Bu bilgin bir işi için, bir ay kadar, yakın bir şehre gider. Bu arada Buhara emiri, şehir halkına toplu bir ziyafet verir. Türk adetlerine göre, böyle toplu bir ziyafette, servis hizmetlerini, delikanlı erkekler yapardı. Ziyafet bitimine doğru, bir yalancı, bu ziyafeti valinin, gelenlere büyük bir vergi yazmak üzere tertip ettiğini söyler. Bunu duyanlar aman bize yazılmasın diyerek, panik içinde kaçmaya başlarlar. İşte bu arada, bir çok kişi ezilir ve ölür. Ölenler arasında Buharalı bilginin iki oğlu da vardır.

Bir ay kadar sonra, bu âlim şehre döndüğünde, bir çok öğrencisi, bu üzüntüden dolayı, huzurunda suskun dururlar. Bilgin sorar: “hayırdır neden böyle susuyorsunuz?” öğrenciler de “efendim, sizin çocuklarınızın vefatı sebebiyle çok üzüldük” derler. İşte o zaman bu âlim şu ibretlik cevabı verir: “Siz bunu unutun. Benim ömrümde bir defa ciğerim yandı. O da rahmetli hocamı kaybettiğim zaman idi” der.
Gerçekten insanın öğretmenini kaybetmesi pek ağır bir şey oluyormuş. Şimdi anladım.
Rahmetli öğretmenimiz, bize hep dürüstlüğü anlatır, tavsiye ederdi. Kuleli’deki öğrencilerin ilerde, milletimizin gözbebeği ordumuza subay olacaklarını hep hatırlatırdı. Türk milletini çok severdi. Türk gençliğini sapık ve yıkıcı akımlardan korumak için ömrü boyunca çırpındı.
Devlete hile yapılmayacağını, devletin namus, mal, mülk ve dinimizin garantisi olduğunu söylerdi.
İyi bir Türk ve Müslüman evladı, devletinin kanunlarına harfiyen uymalı derdi.
Biz, onun samimi yaklaşımlarından bazen şımarır, ciddiyetsiz sorular da sorardık. Hiç kızmazdı. Lugatinde öfkelenmek yoktu. Öyle olgun cevaplar verirdi ki, soruyu soranı, diğer öğrenciler bakışlarımızla cezalandırırdık.

Hiçbir zaman tarikatçiliği tavsiye etmedi. Yalancı şeyhlerin tuzağından uzak durmayı öğütlerdi. Din simsarlarından nefret ederdi. Yazdığı yüze yakın kitabından beş kuruş ücret almadı.
Ondan aldığımız güzel ahlak örnekleriyle, gittiğimiz kıtalarda bize emanet edilen vatan evlatlarına; kardeş gibi, baba gibi yaklaşmayı becerdik.
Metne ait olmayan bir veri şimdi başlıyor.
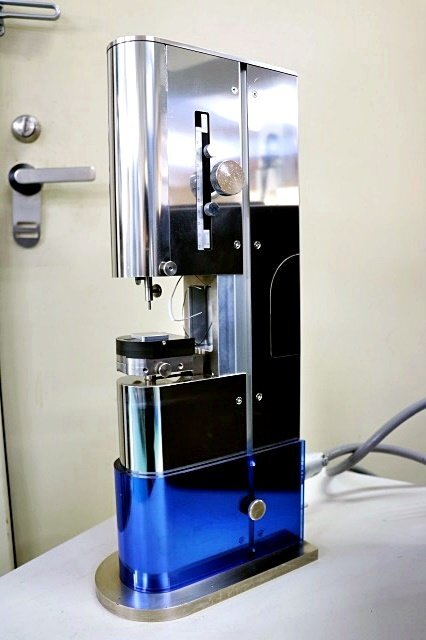 Sands Corporation MG-Rheo Dynamic Viscoelasticity Measurement Device [d1229555333]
Kuleli askeri lisesinde Hüseyin Hilmi öğretmenimizin sözünü dinleyen arkadaşlarımız başarılı oldu. Dinlemeyenler ise, bir çoğu okulu bitiremeyip alaya çıktılar.
Bize, “sakın iyi kötü diye insanları ayırmayın. Her insanın bir güzel yanı vardır. Ondaki bu güzelliği görmeye çalışın” derdi.

Bu gün, şu son cümleyi uygulayabilsek, arzu ettiğimiz milli barış ve kardeşlik hemen teessüs edecektir. Türk dünyasının başı sağ olsun. Allah gani gani rahmet eylesin.